RNPrepper, I really how you presented the big picture, and your example of West Nile Virus is an excellent one. I think there's a lot of shock factor happening. For so long we've heard about the horror stories of Ebola that we confined to a 3rd world continent. It shakes our core feelings of security. I remember SARS having a similar impact in Ontario. We had MANY health care provider deaths in Toronto due to the increased communicability of the airborne SARS virus, resulting from people travelling to Asia and returning to Canada. It created resilience in our public health system though. Because of SARS, public health units focused a lot of time and energy on pandemic preparedness. I would think the same thing happened in the US. This may also give the same kind of shock to the system, wake it up so to speak. SARS was almost a decade ago, and we've got a bit complacent here in Canada, so I think this will have people taking notice.


----------



## Sharkbait (Feb 9, 2014)

Wow,I asked one RN and got three to reply,lol.Thank you ladies.I appreciate the feedback.While my concern is still somewhat low,I am in agreement that this is definitely something that needs a watchful eye for the time being.


----------



## preppermama (Aug 8, 2012)

I think it's important that people have accurate info, so I appreciate the nurses sharing their opinions and knowledge with us. Honestly, I don't have a lot of respect for doctors, but I hold nurses on the highest of pedestals. Nurses are the backbone of the medical profession <3 Bless you all. 

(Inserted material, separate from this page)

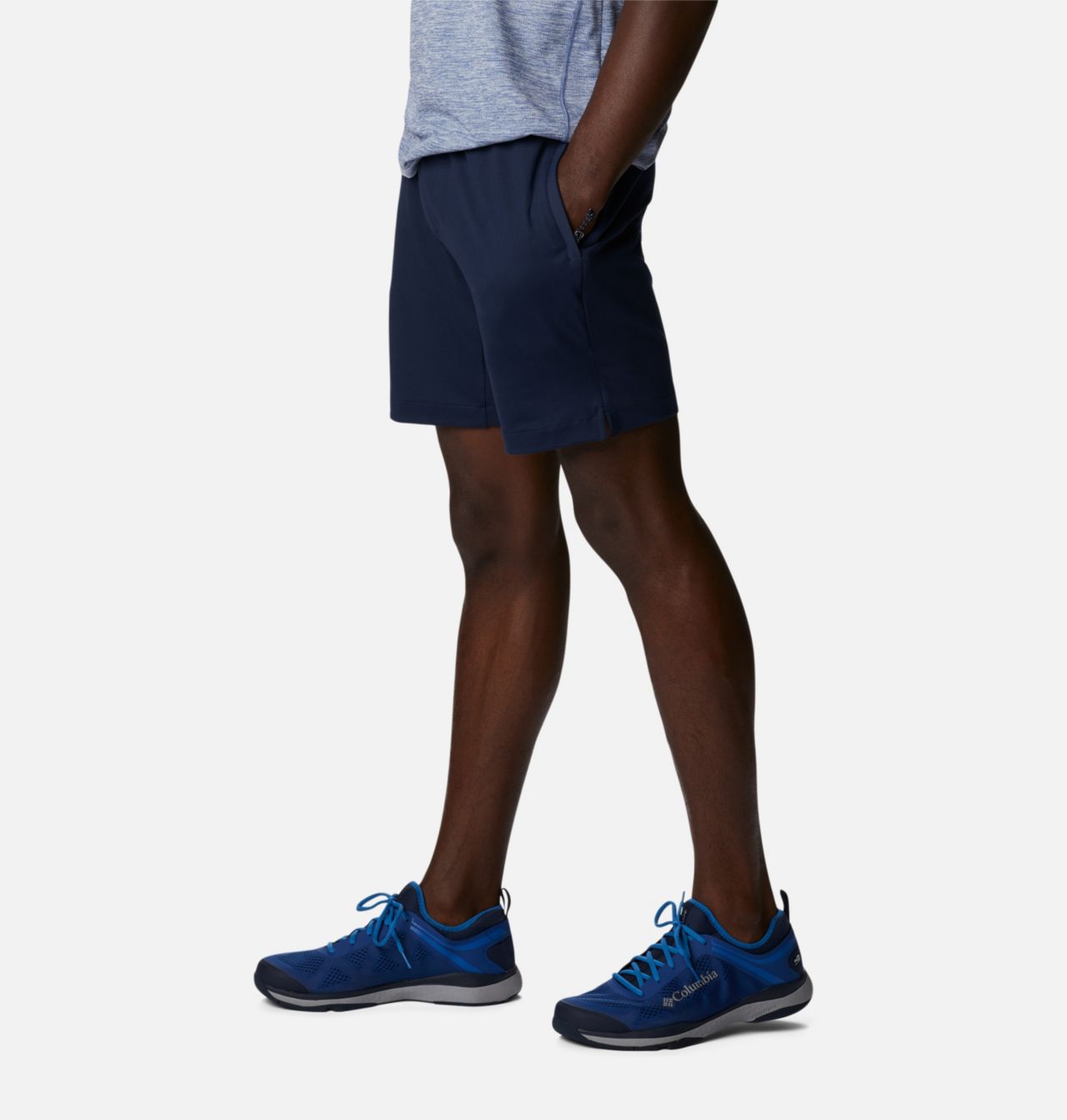 Tech Trail™ Knit Short | 464 | XL 3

I don't think this issue is at a place where people should be bugging out and quarantining; however, it's definitely a time where people should be taking extra health precautions like thorough handwashing, avoiding places where they could be exposed to bodily fluids (ie public bathrooms), etc. 

I always think of events like this as a good opportunity to review my preps and take stock of our preparedness...even if the chance of an actual pandemic is small. I went shopping earlier this week and refilled out first aid kits, bought some bleach, and added to our food supply. I'm actually a little surprised that so many people are just blowing this off and are not reviewing their preps at all. Seems like a missed opportunity.


----------



## RNprepper (Apr 5, 2014)

SARS is the perfect example of how concentric quarantine was used to contain the epidemic. Toronto was virtually isolated from the rest of the world. Hospitals were put on lock down with no one going in or out, and this is where some healthcare workers died. In all, over 8000 people were quarantined to stop the infection - all from one infected person on an airliner. 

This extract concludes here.